Hola Jimmy, Feliz año! No soy gran fanática de estas festividades, pero quería desearte que arranques de 10 el año.
Mañana salgo a Barcelona. Estoy al borde del ataque cardíaco de sólo pensar en el vuelo. Por eso, tu gran amor por los aviones te trajo a mi memoria estos días.
¿Cómo era la librería loca que me habías comentado?
PS: Decile a Roland que no pude ir a su cumple porque Cechu y Dai se bajaron al final, buuuu

Beso

Jackie

II

Es increible la serie de hipótesis que puedo elaborar a partir de esto. La primera es que se acuerda de mi cuando le mencionan lo feo que es volar. Ella, que jamás se subió a un avión, va a estrenar cruzando el Atlántico. Bien ahí.

La segunda, que escuchó algo al menos de lo que le dije de Shakespeare & Co., aquella librería old fashion a orillas del Sena.

Me olía algo, cuando dijo que "le encantaba Dublín". Me lo dice un día antes de partir. Esto va atado a que el recuerdo que ella tiene de mi es por los aviones, claro, qué pelotudo.

Otro asunto es: se sabía que no iba a concurrir al cumpleaños de Roland, so, ¿para que mete nuevamente excusas?

Estratégicamente: ¿no nos cruzamos? Mis cálculos dicen que ella se irá hasta febrero, no más. Ergo, no nos cruzamos. Además, si su itinerario es Barcelona, para trepar a Dublin: va al norte.

III
Aún así, tercer item de este asunto:

Jackie goes north. Jim moves south. De todas formas, los crossings existen:

Es probable que en una de esas, bajo determinadas circunstancias espacio-temporales, Jim y Jackie coincidan en una locación: Gaena.

Porque nadie va a Bruselas. Encontrarnos en Dublín sería que ella juegue de local. Y encontrarnos en Brujas, la convertiría a ella en visitante. Gaena es neutral. Además, podría aprovechar para conocer el casco histórico y la ciudad fortificada. Y ni hablar del museo de la tortura. Y el museo militar.

Jackie preguntaría "¿para qué querés conocer el museo militar?".

Apuntes sobre la verdadera localización del David

I
Entonces el desorden debe ser una percepción. O algo así como un nuevo orden por descifrar. Onfray dijo eso. Pensé que era Borges, pero es Onfray quien lo dijo. Y quizás después de dar algunas vueltas, llegué a la conclusión de que sí, hice quilombo.

Jackie tiene razón, armé lío. Aún así, se equivoca al no admitir que ella también hizo lío. Y los dos enliamos el asunto. Todo esto me cuesta tiempo, viste. No soy un tipo lúcido, siempre me percato de las cosas demasiado tarde.

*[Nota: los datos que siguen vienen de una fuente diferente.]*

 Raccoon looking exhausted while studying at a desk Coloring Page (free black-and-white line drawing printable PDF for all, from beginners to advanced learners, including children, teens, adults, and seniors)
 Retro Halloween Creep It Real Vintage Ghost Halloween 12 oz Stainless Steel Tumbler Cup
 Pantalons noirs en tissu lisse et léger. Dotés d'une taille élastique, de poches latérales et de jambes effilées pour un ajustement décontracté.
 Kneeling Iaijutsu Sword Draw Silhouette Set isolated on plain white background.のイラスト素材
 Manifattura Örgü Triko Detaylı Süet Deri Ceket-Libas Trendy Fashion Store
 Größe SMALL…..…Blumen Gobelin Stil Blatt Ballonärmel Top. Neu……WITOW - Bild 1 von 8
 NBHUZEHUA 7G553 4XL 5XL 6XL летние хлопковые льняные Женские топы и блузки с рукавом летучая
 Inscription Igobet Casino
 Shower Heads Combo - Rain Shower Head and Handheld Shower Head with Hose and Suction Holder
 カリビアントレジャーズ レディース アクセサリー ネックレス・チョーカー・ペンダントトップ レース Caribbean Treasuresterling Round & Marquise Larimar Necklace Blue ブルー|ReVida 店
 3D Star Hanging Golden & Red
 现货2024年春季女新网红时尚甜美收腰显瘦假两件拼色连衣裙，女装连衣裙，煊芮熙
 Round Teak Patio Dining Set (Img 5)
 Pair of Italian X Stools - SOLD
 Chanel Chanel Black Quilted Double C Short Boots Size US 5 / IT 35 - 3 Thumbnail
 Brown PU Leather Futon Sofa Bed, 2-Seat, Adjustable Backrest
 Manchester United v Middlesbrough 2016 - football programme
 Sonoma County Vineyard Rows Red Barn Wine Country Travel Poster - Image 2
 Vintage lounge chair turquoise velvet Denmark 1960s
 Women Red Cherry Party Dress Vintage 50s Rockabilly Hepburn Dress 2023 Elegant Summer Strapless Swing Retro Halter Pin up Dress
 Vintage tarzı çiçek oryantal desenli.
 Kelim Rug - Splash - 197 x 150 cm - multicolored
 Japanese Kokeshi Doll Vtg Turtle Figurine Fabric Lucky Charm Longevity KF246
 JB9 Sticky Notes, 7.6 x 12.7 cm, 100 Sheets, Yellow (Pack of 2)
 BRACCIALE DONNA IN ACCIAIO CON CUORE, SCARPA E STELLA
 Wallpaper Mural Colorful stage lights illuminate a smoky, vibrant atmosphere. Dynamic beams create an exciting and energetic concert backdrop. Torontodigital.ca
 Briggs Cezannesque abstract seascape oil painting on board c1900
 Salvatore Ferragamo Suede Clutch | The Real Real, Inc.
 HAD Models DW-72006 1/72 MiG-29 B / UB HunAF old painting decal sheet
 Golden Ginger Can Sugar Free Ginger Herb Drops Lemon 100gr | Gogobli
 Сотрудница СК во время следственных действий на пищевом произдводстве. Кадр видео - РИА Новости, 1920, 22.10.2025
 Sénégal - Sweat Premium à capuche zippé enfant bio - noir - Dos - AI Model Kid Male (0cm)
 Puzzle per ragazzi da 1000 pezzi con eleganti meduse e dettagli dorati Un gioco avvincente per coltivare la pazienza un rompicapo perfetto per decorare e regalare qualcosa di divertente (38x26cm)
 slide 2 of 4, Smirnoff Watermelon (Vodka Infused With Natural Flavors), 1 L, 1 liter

Es un deelay que tengo, pues bailo lento, a destiempo.

Lo estúpido fue que yo me había dicho a mi mismo, con mucha convicción, que Jackie ya era parte de mi pasado. Lo único que tuvo que hacer ella para desbaratarme fue aparecer, y terminamos coordinando encontrarnos en otro continente. Ese es mi diploma de imbécil, che.

Pero Jackie tiene esa capacidad de elucubrar grandes ideas así nomás. Es muy inteligente, tremendamente inteligente. Es como su hubiera disparado un revisionismo en mi. Porque cuando ella me dice que me quiero hacer el malo, que me quiero hacer el piola, el que hago quilombo y soy desordenado, tiene razón: me estoy tratando de crear un personaje que no es.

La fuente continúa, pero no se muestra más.